4. Phospholipid labeling and Per1 expression in CLOCK/CLOCK fibroblasts
To further investigate temporal regulation of the biosynthesis of phospholipids in cell cultures and potential involvement of clock genes, we assessed ³²P-phosphate incorporation into phospholipids and PER1 immunoreactivity in cultures of CLOCK/CLOCK and of corresponding wild-type fibroblasts derived from respective male mouse pituitary glands. In wild-type cells, both phospholipid labeling and PER1 expression displayed a daily variation with profiles resembling those described for NIH 3T3 cells. In CLOCK/CLOCK cells, the expression of PER1 was constant and robustly observed at all times assessed and metabolic labeling of phospholipids did not significantly vary across time. Levels of labeled phospholipids in mutants were continuously high as compared with those in the wild-type at most times. A 2-way ANOVA on phospholipid labeling revealed a significant effect of time (P<0.04), of cell genotype (wild-type vs. CLOCK mutants) (P<0.0000001), and of interaction (P<0.002).

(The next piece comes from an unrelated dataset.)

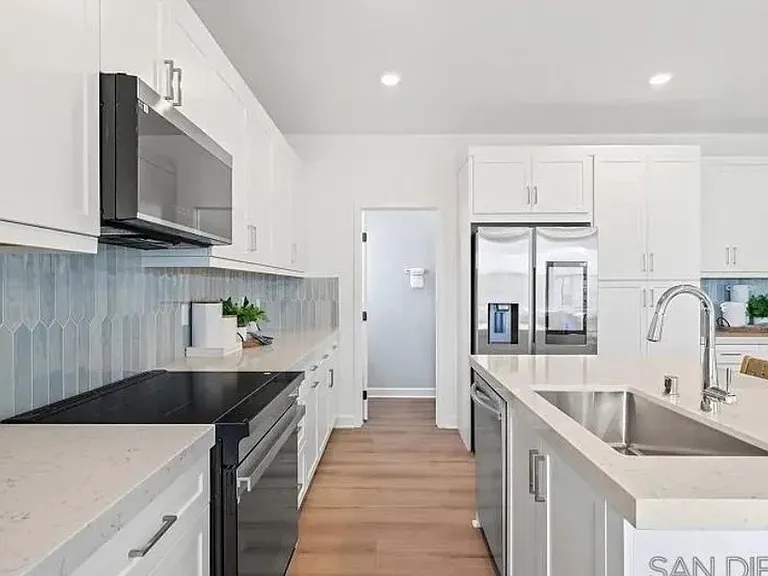 319 Honeysuckle Way — Photo 3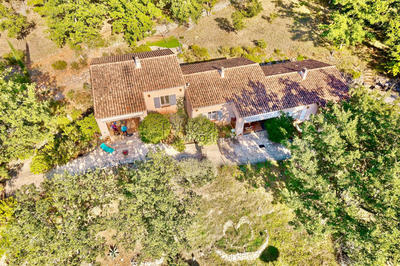 Villa - 250 m² - 6 pièces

CONCLUSIONS AND SIGNIFICANCE

Our findings support the idea that fibroblasts in culture are capable of oscillating in their metabolic functions as indexed by changes observed in the biosynthesis of their phospholipids (Fig. 1A and Fig. 3 A). These metabolic oscillations may constitute an output of circadian oscillators located in cultured cells and may reflect a differential requirement of lipids recently synthesized for membrane biogenesis or for generation of distinct waves of lipid derived-2^nd messengers varying across time. These metabolic oscillations persist at least during two cycles in cultures of NIH 3T3 cells and exhibit a period longer than 24 h. In addition, Per1 expression is rapidly induced after the serum shock and displays circadian rhythmicity in these cells (Fig. 1B , 3A ). The daily variation described in phospholipid biosynthesis occurs in an antiphase manner to the expression of Per1: when phospholipid labeling is high, Per1 expression is very low and vice versa. Moreover, when Per1 expression is knocked down by using a specific antisense oligonucleotide, metabolic oscillation observed in the incorporation of labeled precursors into phospholipids damped out (Figs. 2B , 3B ), increasing levels of radioactive phospholipids at those phases at which biosynthetic levels were normally low (26–29 h after serum shock). In addition, in CLOCK mutant fibroblasts (Fig. 3C ), our observations showed that oscillatory mechanisms are severely impaired at least for Per1 expression and for biosynthesis of phospholipids.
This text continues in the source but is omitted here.